* _Exercise data_:
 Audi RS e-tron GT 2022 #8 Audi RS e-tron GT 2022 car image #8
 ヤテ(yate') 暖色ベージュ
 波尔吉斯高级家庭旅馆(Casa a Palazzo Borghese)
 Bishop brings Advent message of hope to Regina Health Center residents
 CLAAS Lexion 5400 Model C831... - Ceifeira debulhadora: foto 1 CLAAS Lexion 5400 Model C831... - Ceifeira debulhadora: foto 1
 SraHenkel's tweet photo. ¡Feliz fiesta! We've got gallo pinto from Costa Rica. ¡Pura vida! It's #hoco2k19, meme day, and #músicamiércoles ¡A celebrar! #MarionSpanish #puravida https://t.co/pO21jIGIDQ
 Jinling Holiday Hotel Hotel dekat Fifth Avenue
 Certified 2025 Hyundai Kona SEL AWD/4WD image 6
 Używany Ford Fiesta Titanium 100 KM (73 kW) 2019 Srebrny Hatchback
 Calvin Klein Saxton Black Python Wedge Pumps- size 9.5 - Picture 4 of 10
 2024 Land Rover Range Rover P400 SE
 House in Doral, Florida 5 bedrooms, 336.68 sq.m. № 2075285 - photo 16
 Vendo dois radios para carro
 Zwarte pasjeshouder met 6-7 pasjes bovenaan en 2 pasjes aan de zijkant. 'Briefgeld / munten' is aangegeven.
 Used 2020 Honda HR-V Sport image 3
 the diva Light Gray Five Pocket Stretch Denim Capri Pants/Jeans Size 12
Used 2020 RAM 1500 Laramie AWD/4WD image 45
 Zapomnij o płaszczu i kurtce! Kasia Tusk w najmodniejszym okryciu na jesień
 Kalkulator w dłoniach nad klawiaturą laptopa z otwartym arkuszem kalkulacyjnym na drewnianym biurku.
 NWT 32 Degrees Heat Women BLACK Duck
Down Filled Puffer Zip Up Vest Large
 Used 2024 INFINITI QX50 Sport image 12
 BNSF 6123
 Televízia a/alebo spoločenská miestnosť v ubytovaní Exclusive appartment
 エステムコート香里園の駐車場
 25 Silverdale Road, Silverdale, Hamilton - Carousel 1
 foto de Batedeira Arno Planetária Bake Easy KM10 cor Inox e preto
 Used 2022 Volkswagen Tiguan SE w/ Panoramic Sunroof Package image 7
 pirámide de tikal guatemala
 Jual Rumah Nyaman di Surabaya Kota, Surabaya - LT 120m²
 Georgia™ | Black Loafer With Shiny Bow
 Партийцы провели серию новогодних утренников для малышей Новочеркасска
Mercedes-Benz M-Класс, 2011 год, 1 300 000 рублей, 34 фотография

* _Task to carry out_: Search the entries above for "foto". Show every line that has it.

* _Written solution_:
 CLAAS Lexion 5400 Model C831... - Ceifeira debulhadora: foto 1 CLAAS Lexion 5400 Model C831... - Ceifeira debulhadora: foto 1
 foto de Batedeira Arno Planetária Bake Easy KM10 cor Inox e preto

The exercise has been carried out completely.